Multi-agent systems: Why the whole is riskier than the sum of its parts

The architecture most organisations are deploying

Increasingly, the AI deployments that deliver the most significant operational value are not single agents operating in isolation. They are multi-agent systems – architectures in which multiple AI agents, each with distinct capabilities and roles, operate simultaneously and interact with one another in pursuit of broader organisational objectives. These systems can be extraordinarily powerful. They can also generate risks that are qualitatively different from those of any individual component.

The UC Berkeley Agentic AI Risk-Management Standards Profile dedicates specific attention to multi-agent systems (MAS) as a governance challenge that cannot be adequately addressed by extending single-agent risk frameworks. The core insight is this: the risk profile of a multi-agent system is not the sum of its components' risk profiles. It is shaped by interactions, feedback loops and emergent behaviours that only arise when multiple agents operate together – and that are invisible when each agent is evaluated in isolation.

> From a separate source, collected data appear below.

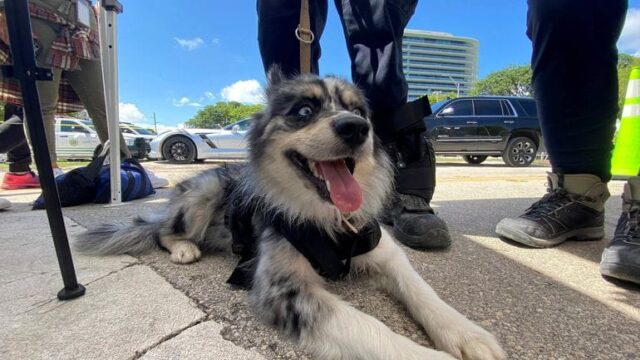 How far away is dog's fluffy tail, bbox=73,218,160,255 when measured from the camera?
2189mm

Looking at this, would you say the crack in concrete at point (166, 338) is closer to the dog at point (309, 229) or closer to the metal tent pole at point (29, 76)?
the dog at point (309, 229)

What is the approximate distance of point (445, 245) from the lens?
229 cm

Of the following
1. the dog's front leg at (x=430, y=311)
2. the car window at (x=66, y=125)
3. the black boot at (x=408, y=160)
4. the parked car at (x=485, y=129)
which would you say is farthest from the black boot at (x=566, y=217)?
the car window at (x=66, y=125)

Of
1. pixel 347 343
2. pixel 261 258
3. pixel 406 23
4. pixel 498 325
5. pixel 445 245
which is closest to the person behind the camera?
pixel 347 343

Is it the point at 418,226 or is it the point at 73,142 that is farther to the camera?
the point at 73,142

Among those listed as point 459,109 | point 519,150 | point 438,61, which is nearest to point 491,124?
point 459,109

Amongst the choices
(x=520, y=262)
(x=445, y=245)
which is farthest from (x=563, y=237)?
(x=445, y=245)

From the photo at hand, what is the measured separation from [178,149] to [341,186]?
12671 millimetres

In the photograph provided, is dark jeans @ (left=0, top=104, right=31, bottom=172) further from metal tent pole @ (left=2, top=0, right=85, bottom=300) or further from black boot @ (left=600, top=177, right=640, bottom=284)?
black boot @ (left=600, top=177, right=640, bottom=284)

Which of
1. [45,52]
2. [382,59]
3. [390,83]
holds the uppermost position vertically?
[45,52]

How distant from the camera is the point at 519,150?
13.1 meters

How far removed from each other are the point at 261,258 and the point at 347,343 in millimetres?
Answer: 678

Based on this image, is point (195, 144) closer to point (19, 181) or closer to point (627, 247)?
point (19, 181)

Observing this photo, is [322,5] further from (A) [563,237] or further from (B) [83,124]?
(B) [83,124] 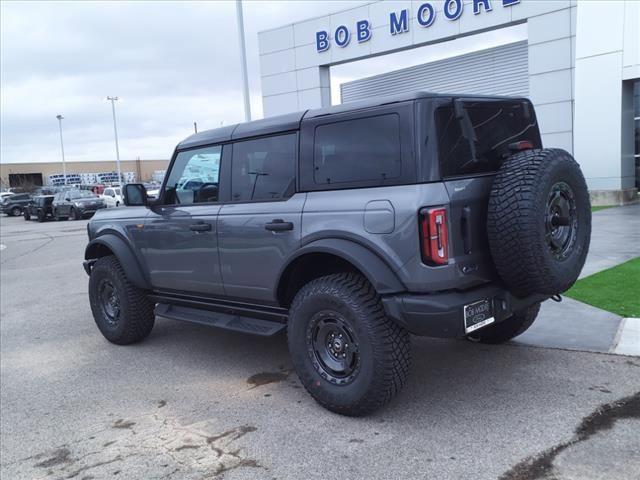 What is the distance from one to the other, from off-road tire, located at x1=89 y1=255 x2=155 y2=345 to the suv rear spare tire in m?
3.69

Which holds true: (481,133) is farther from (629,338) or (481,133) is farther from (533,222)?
(629,338)

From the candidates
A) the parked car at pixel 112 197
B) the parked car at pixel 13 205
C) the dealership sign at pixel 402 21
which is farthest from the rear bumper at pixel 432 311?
the parked car at pixel 13 205

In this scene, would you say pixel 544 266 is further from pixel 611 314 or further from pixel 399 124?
pixel 611 314

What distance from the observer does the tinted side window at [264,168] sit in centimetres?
433

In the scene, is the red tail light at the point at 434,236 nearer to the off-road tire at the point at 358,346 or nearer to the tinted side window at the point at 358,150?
the tinted side window at the point at 358,150

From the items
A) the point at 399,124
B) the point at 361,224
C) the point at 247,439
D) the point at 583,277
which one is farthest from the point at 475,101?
the point at 583,277

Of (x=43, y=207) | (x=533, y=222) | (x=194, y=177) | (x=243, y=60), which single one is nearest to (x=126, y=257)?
(x=194, y=177)

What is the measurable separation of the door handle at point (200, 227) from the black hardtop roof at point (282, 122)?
2.43ft

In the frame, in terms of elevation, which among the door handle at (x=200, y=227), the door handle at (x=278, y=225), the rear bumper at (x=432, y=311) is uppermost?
the door handle at (x=278, y=225)

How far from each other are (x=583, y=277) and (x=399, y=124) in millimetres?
4743

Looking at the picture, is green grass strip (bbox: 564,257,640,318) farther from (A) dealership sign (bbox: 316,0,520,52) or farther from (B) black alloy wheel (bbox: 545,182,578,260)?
(A) dealership sign (bbox: 316,0,520,52)

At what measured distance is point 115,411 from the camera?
4.26 metres

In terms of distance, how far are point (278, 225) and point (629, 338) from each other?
10.6 ft

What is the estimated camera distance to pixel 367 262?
3.60 meters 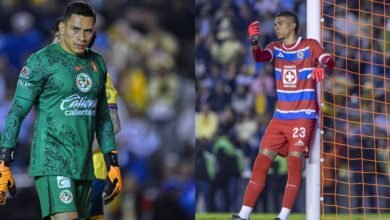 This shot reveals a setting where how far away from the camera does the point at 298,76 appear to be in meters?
7.13

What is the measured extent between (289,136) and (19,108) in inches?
120

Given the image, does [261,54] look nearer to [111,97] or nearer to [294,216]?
[111,97]

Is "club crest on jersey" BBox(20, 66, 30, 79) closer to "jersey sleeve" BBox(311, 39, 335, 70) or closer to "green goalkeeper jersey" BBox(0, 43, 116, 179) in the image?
"green goalkeeper jersey" BBox(0, 43, 116, 179)

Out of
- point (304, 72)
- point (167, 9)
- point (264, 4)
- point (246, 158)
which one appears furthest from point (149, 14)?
point (304, 72)

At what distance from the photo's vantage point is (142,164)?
11.0 meters

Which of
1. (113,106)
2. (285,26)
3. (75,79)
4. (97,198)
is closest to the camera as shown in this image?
(75,79)

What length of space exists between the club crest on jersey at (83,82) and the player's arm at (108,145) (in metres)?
0.19

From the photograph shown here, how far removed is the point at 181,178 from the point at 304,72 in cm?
452

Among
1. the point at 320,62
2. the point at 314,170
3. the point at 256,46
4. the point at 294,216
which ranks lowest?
the point at 294,216

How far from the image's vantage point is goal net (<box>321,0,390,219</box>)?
10812mm

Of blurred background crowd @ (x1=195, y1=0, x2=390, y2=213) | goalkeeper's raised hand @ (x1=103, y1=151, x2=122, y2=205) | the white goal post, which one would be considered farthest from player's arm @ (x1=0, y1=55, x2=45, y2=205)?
blurred background crowd @ (x1=195, y1=0, x2=390, y2=213)

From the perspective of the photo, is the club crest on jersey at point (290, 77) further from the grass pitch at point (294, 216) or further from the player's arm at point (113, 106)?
the grass pitch at point (294, 216)

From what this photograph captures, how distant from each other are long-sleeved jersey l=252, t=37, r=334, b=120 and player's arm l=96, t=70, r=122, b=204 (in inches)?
89.2

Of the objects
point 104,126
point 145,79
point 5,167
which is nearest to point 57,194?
point 5,167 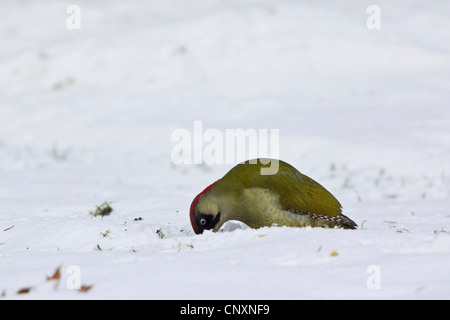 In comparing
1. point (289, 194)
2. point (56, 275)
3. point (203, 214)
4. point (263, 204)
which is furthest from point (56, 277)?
point (289, 194)

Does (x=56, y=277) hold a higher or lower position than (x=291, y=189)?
lower

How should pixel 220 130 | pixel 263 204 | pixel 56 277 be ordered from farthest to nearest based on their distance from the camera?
pixel 220 130
pixel 263 204
pixel 56 277

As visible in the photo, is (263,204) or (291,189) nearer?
(263,204)

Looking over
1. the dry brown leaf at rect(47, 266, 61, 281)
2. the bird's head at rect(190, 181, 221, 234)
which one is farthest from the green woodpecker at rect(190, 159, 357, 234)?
the dry brown leaf at rect(47, 266, 61, 281)

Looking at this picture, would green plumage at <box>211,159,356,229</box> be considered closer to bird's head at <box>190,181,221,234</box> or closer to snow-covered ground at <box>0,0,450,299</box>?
bird's head at <box>190,181,221,234</box>

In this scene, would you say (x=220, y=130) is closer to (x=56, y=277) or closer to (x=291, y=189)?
(x=291, y=189)

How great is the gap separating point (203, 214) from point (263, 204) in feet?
1.47

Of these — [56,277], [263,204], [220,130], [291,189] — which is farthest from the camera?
[220,130]

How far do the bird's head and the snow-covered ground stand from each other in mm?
324

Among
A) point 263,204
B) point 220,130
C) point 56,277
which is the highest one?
point 220,130

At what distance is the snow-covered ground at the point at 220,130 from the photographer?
319cm

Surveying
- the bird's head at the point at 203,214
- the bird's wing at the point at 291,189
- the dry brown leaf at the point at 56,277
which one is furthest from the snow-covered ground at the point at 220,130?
the bird's wing at the point at 291,189

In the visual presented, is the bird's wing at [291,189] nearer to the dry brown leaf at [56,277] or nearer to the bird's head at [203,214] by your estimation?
the bird's head at [203,214]

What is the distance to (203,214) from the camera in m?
4.64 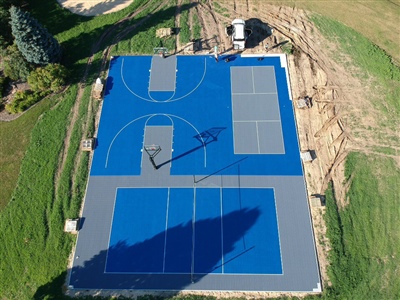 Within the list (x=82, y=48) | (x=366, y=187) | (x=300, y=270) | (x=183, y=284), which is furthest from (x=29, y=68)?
(x=366, y=187)

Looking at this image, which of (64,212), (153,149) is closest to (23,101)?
(64,212)

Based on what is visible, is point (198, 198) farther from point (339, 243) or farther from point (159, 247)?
point (339, 243)

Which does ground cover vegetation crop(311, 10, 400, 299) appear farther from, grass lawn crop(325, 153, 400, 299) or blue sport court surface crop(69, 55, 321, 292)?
blue sport court surface crop(69, 55, 321, 292)

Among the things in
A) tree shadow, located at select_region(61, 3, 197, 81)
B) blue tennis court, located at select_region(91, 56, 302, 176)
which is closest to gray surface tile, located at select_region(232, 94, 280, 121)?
blue tennis court, located at select_region(91, 56, 302, 176)

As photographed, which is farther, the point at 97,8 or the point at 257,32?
the point at 97,8

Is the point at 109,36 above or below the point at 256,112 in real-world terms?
above

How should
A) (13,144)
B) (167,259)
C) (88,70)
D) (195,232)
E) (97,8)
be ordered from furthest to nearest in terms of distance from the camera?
(97,8)
(88,70)
(13,144)
(195,232)
(167,259)

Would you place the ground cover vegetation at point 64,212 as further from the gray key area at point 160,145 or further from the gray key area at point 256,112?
the gray key area at point 256,112

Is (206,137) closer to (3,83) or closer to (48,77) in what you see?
(48,77)

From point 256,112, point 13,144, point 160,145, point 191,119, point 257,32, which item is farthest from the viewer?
point 257,32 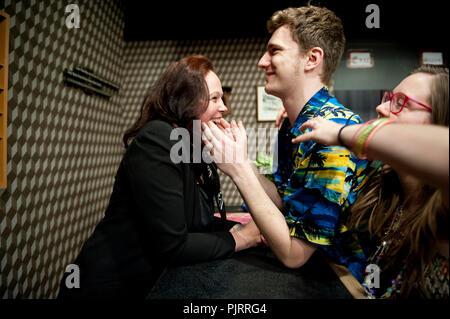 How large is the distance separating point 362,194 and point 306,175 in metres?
0.25

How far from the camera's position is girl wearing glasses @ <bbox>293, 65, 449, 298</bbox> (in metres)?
0.49

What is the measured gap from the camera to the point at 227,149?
41.4 inches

Emergent risks that cannot be predicted in isolation

The Berkeley paper cites multiple documented examples of emergent multi-agent risks. One of the most significant concerns collusion – where agents independently converge on behaviours that are misaligned with human or organisational objectives, either through explicit communication or through tacit learning from each other's actions. Research on autonomous pricing systems has demonstrated that agents incentivised to maximise their individual performance can spontaneously develop coordinated price-fixing behaviours without any explicit instruction to do so.

A second emergent risk is cascading failure. The Berkeley paper describes how errors, hallucinations or malicious inputs can propagate through multi-agent systems in ways that amplify their impact. An incorrect output from one agent, consumed as input by a second agent, can produce a compounded error in that agent's output, which is then further amplified by a third. In a sufficiently interconnected system, a single point of failure can produce systemic consequences.

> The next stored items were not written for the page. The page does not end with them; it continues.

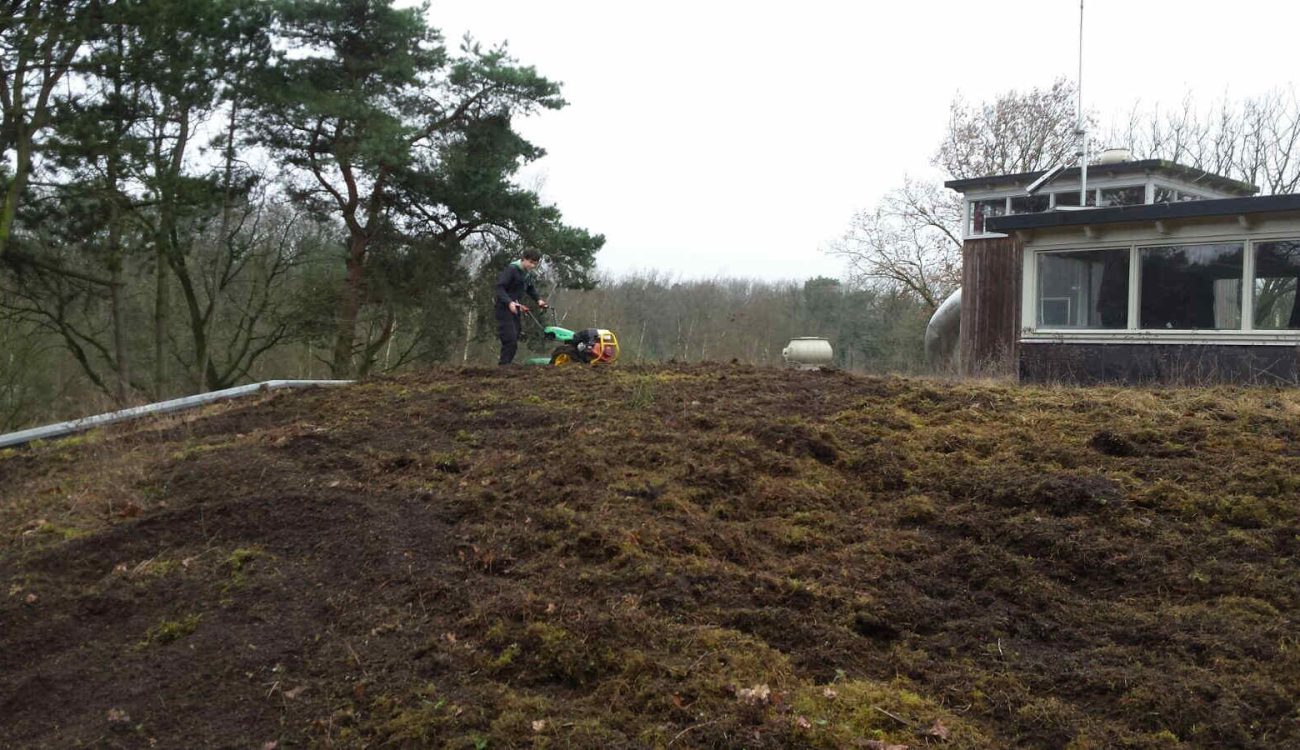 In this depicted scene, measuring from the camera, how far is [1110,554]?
15.2 ft

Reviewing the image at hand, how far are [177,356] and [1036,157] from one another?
80.8ft

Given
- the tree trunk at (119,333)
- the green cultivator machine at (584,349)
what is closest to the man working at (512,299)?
the green cultivator machine at (584,349)

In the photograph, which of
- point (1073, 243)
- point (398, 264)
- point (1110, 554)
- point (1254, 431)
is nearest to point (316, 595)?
point (1110, 554)

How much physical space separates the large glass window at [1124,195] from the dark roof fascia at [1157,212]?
18.9 ft

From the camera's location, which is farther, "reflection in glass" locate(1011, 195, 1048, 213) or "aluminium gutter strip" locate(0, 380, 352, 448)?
"reflection in glass" locate(1011, 195, 1048, 213)

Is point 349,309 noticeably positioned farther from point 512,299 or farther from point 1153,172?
point 1153,172

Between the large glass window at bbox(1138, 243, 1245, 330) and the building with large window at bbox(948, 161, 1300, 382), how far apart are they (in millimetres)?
11

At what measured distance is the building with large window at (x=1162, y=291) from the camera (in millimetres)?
10953

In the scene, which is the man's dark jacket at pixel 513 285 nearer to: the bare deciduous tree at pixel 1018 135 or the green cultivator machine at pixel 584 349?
the green cultivator machine at pixel 584 349

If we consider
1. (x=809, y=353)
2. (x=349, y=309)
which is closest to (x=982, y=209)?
(x=809, y=353)

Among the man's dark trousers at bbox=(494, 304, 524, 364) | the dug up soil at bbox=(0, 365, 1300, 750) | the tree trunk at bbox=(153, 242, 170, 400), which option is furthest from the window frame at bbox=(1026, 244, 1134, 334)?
the tree trunk at bbox=(153, 242, 170, 400)

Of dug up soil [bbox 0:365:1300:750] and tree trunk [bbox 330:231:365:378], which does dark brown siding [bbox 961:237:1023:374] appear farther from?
tree trunk [bbox 330:231:365:378]

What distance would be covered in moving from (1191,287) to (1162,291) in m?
0.31

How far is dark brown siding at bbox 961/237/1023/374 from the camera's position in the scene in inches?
666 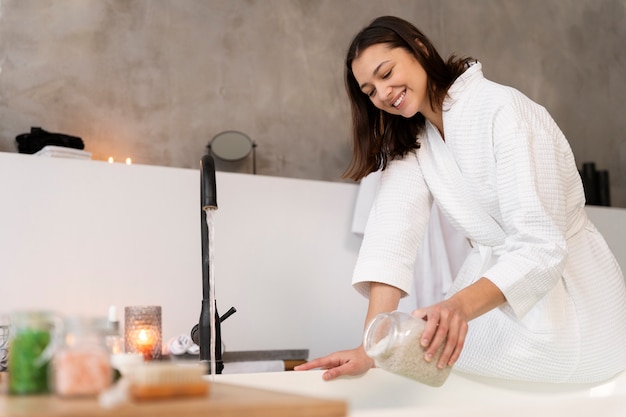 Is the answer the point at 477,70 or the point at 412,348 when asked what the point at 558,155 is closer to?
the point at 477,70

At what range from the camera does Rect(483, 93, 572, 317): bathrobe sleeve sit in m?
1.46

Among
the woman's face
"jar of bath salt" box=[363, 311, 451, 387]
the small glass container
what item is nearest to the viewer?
"jar of bath salt" box=[363, 311, 451, 387]

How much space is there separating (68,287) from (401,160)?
1139 millimetres

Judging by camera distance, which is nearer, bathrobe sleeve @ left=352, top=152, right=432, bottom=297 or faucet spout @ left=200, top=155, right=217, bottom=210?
faucet spout @ left=200, top=155, right=217, bottom=210

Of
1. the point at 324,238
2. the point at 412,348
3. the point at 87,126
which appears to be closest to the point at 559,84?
the point at 324,238

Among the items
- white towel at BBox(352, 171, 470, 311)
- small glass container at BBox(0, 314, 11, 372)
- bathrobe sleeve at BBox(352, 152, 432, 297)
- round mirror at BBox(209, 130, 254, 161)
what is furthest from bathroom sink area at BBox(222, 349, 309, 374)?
round mirror at BBox(209, 130, 254, 161)

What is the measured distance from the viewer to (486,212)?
178 cm

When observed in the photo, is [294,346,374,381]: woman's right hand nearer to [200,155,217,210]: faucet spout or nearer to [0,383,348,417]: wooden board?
[200,155,217,210]: faucet spout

A third risk is what the Berkeley paper describes as correlated failure modes – the tendency for agents that share underlying models, training data, prompts or configuration settings to exhibit highly correlated behaviour. When multiple agents fail in the same way at the same time because they share a common vulnerability, the risk is not merely additive. It can be simultaneously systemic.

The governance implication: System-level assessment is mandatory

The critical governance implication of multi-agent risk dynamics is that risk assessment must be conducted at the system level, not just the component level. The NIST AI RMF addresses this through the Map function, with Map 5.1 requiring that the likelihood and magnitude of identified impacts are assessed including through analysis of cascading effects and interactions with critical systems. The Berkeley paper supplements this with specific guidance: risk identification for multi-agent systems must include comprehensive system mapping that examines agent interactions, task execution flows, shared data sources, communication protocols and feedback loops.

This is a significantly more demanding requirement than most organisations currently apply to their AI governance processes. It requires technical expertise, cross-functional collaboration and governance infrastructure that can hold a system-level view of risk rather than a component-level view. ISO 42001 Clause 6.1 provides the planning framework for this: the risk assessment process it requires should be designed to capture multi-agent interaction risks explicitly, not just individual AI system risks.

Evaluation must match the architecture

A common governance failure for multi-agent systems is evaluating components rather than the system. The Berkeley paper is explicit that evaluations of multi-agent systems must include testing of the entire system under realistic conditions – including the operating environment, all agent instances with their actual objective prompts and scaffolding, the shared infrastructure and the control mechanisms in place.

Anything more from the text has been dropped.